Working with Phil was an adventure to say the least. Within a couple of hours of landing in Phoenix he convinced my boss to drive him to Sedona and the Grand Canyon. On the morning of the concert he walked into our office very hungover and sat down at an old out-of-tune upright piano which he requested be transported to the concert venue so he could use it. After several sprained backs and complaints we managed to get the piano set up.

When I returned to our office I was informed Phil had talked our sound engineer to drive him out to the Superstition Mountains to hike around.

At the beginning of the concert there was no Phil and no sound engineer to be found. Fortunately we drafted Dave Oxman, the sound engineer for Celebrity Theatre to work the board for the warm-up acts, the second of which, played for ninety minutes until Phil stumbled in completely smashed and looking like he had crawled through a cactus field. Our errant sound engineer advised me that there had been numerous pit stops to and from the Superstitions so Phil could buy half-gallons of Rheinskeller wine to quench his thirst.

We finally got Phil on stage where he put on an excellent concert and used our beat up old piano to do a beautiful version of "James Dean of Indiana". ( the only song he used the piano for, by the way).

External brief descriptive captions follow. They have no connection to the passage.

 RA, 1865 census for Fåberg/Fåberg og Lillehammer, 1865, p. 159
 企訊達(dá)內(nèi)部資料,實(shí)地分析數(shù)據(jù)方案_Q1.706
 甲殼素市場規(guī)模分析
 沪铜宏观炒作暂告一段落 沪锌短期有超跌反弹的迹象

We delivered Phil to the airport the next morning where he flew straight to the Mayday demonstration in Washington, where I understand he had further adventures involving David Dellinger and several federal marshals.

Norman says:

In the '60s, I happened to be walking past the Folklore Center at 110 McDougal St. one evening and went into the coffee shop almost directly underneath; can't remember the name at the moment (it was not the Bitter End, which was a couple of blocks away on Bleecker). But there was a concert that night set up by and for Dutch television with Phil Ochs, Tom Paxton and perhaps the third person was Len Chandler. Dave Van Ronk was emcee (and he frequently left, by his own admission, to get a drink at the bar next door). There were only 10-15 people in the audience, as I recall, but it was a fabulous concert! I once asked some people I knew in Holland to try to track it down, but to no avail.

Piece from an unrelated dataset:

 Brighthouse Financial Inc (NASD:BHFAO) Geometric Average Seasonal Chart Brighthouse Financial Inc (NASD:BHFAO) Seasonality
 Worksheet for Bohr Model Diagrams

I also got Phil to sing at one of the earliest anti-Vietnam War rallies in December 1964 on Thompson St., just south of Washington Square. It was organized by the Committee of Public Conscience, which was a short-lived offshoot of the War Resisters League. Dave McReynolds was probably the key person in the Committee and was for 40 years a key person in the WRL. Phil arrived a bit late but eventually climbed to the top of our soundtruck and did "Talking Vietnam Blues." Because he was late, my fellow organizers and I did a couple of songs first, so we "opened for Phil." We probably only had 25-40 people in the audience. But thanks to that demonstration, we ended the war only 8 years later! Well, maybe it was 9.

Randy says:

I remember seeing Phil on the local PBS station in San Francisco around the time that "Pleasures From The Harbor" came out. It was just Phil, a stool and his guitar. I saw Phil perform a few times (a couple of times in '69 and a few times in '73 &'74. I met him once and we talked about Marty Robins. I had requested that he sing some Marty Robins(Robbins?) one night in Cambridge, Mass. while he was deciding what to sing next. A big smile came across his face and he broke into "the Masters Call" remembering most of the lyrics. I went back stage to thank him!

He was very heavy at this time of his life and his voice was pretty shot. Before the show(at a small bar) he made arrangements to spend sometime with two twins!